--- Directions ---
Give back the whole listing word for word and skip each picture.

--- Available data ---

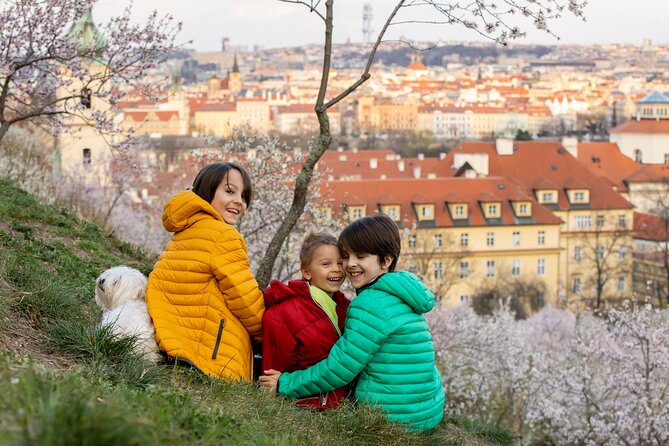 Prague City Highlights Private Tour for Kids and Families - A guide who can reach the children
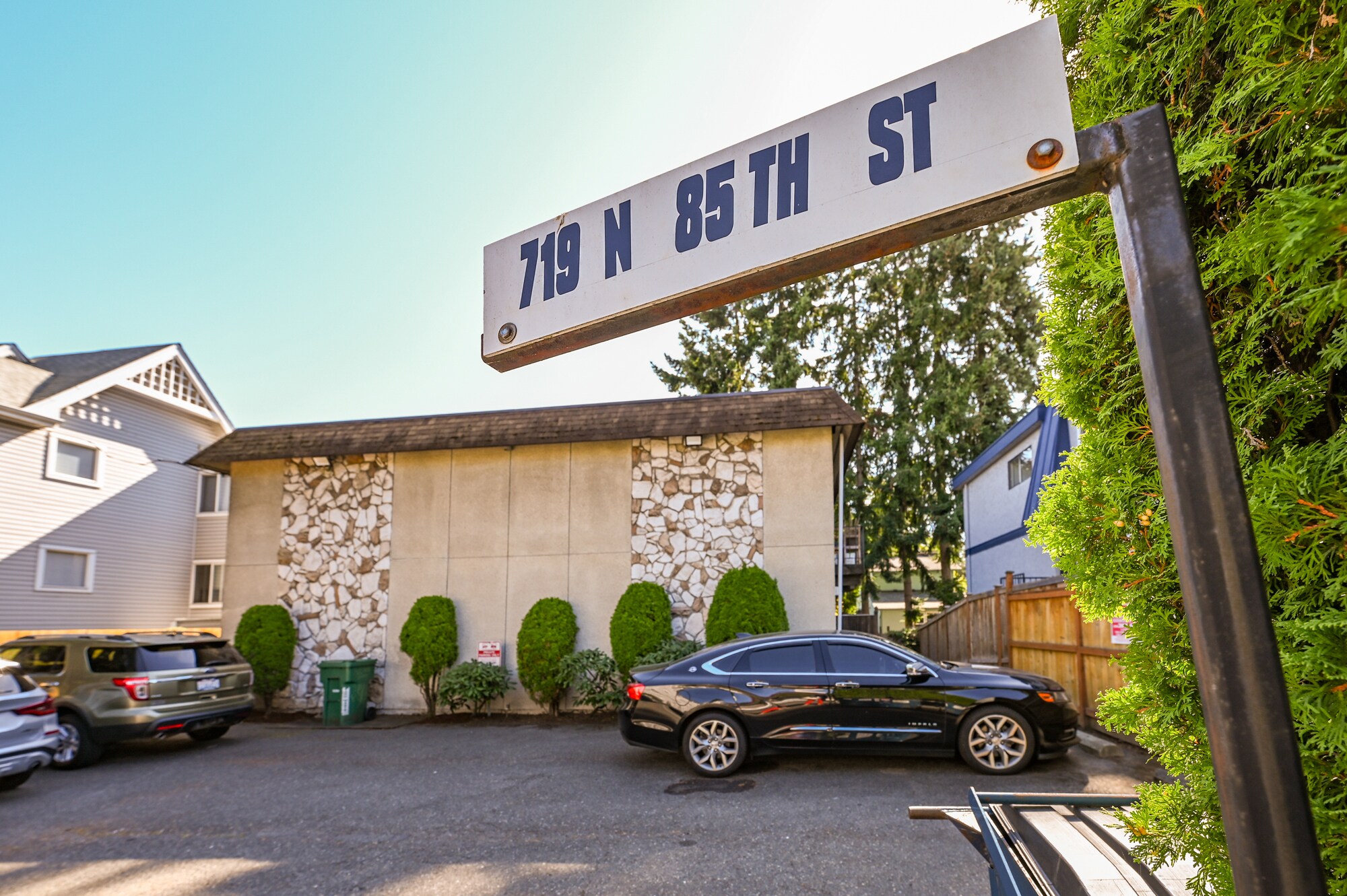 719 N 85th St, Seattle, WA à vendre Photo du bâtiment- Image 1 de 17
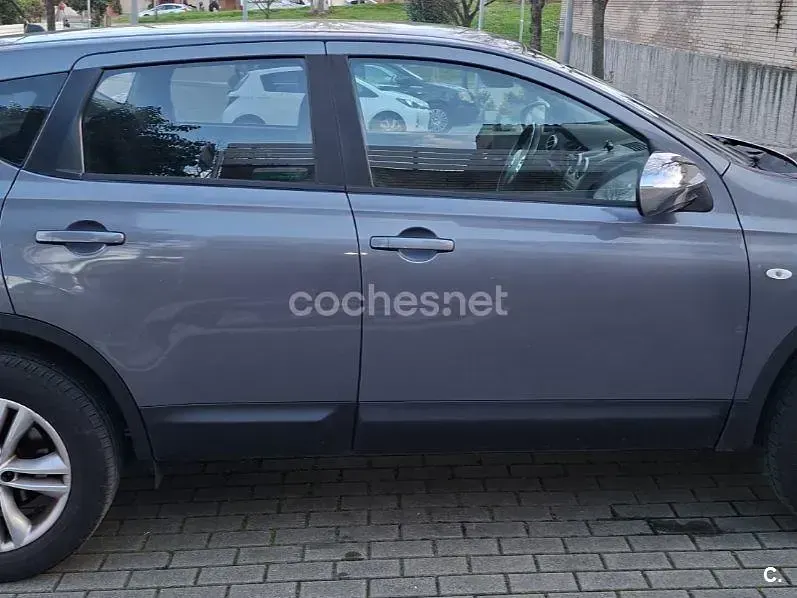 Usado Nissan Qashqai Acenta 106 CV (77 kW) 2010 Gris / plata SUV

--- Answer for this exercise ---
 Prague City Highlights Private Tour for Kids and Families - A guide who can reach the children
 719 N 85th St, Seattle, WA à vendre Photo du bâtiment- Image 1 de 17
 Usado Nissan Qashqai Acenta 106 CV (77 kW) 2010 Gris / plata SUV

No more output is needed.